This is a tricky question because although imperialism in the pre-WWII sense is gone, there are still actions by nations around the world that are reminiscent of imperialism. Following the end of WWII, European powers had largely divested themselves of their colonial holdings (although the process took several decades). Japan was defeated and lost all of its holdings throughout Asia (but still retained its emperor). The American nations were independent, save a few areas, and African nations were either independent or on their way to independence. Thus, imperialism in the classical sense—direct rule from a foreign power abroad—had ended.
However, countries can still be highly influenced by foreign powers. The US is often pointed to as a "neo-imperialist" power given its economic, military, and political might. There are hundreds of US military bases around the world; the UK, France, and Russia also have multiple bases in foreign countries. The US retains the role of de facto military for countries throughout the world, including many throughout the Western Hemisphere. Costa Rica and Panama, for example, do not have militaries but instead rely on the US for their defense (the US also maintains a large presence in Panama to protect the Panama Canal).

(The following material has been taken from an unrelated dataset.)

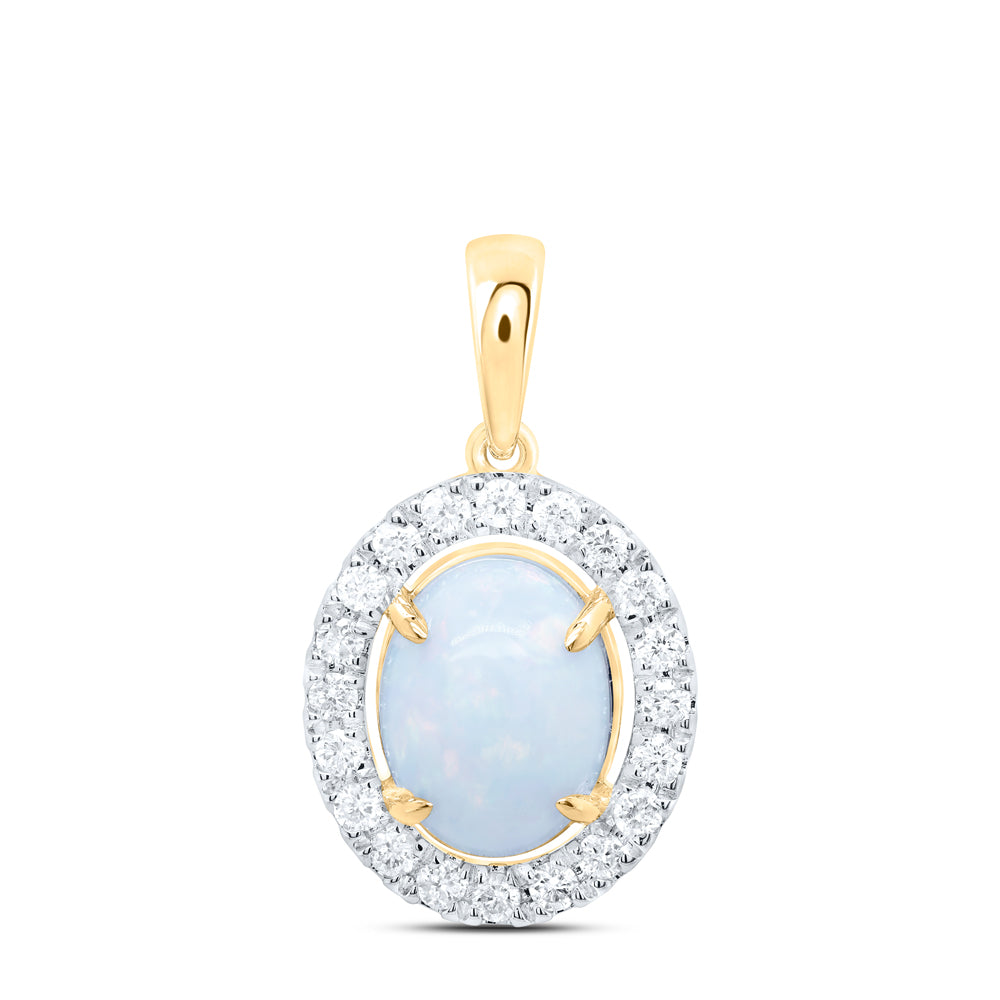 10Kt Gold 1/4Ctw-Dia Cn 9X7Mm-Opal Nat Gem Oval Pendant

It would be foolish to think that this military presence does not have an influence over a nation's politics. But this is a relationship that costs both sides: Forfeiture of some aspect of national sovereignty for one, and the expenditure of money and military personnel for the other. With a military presence also comes economic growth, jobs, and a better standard of living for local inhabitants.
But militaries are only one way a country can have a neo-colonial influence. The other way is through economic expenditures. China has been increasingly accused of neo-colonialism in Africa, as it has become the biggest trading partner for numerous African countries. China has also been accused of taking resources from Africa while providing substandard infrastructure projects in return. Likewise, there has been a flood of Chinese laborers to African countries that have poor border controls, while cheap Chinese exports have driven out African competition.

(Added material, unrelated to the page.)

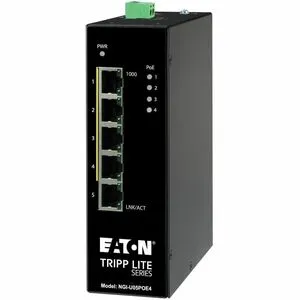 Eaton Tripp Lite Series 5-Port Unmanaged Industrial Gigabit Ethernet Switch - 10/100/1000 Mbps, PoE  30W, -10&deg; to 60&deg;C, DIN Mount, TAA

If powerful countries like the US and China were to pull out militarily and economically from smaller countries abroad, what would happen to each? Smaller countries would more than likely be worse off economically and perhaps at risk from hostile neighboring countries. Powerful countries, meanwhile, would lose influence as well as access to natural resources within those smaller countries. Therefore, although the era of imperialism is over, the relationship between powerful nations and smaller ones continues in a patron-client manner because both get something out of it. In some respects, imperialism can be viewed as a historical reality even if we don't use the word "imperialism."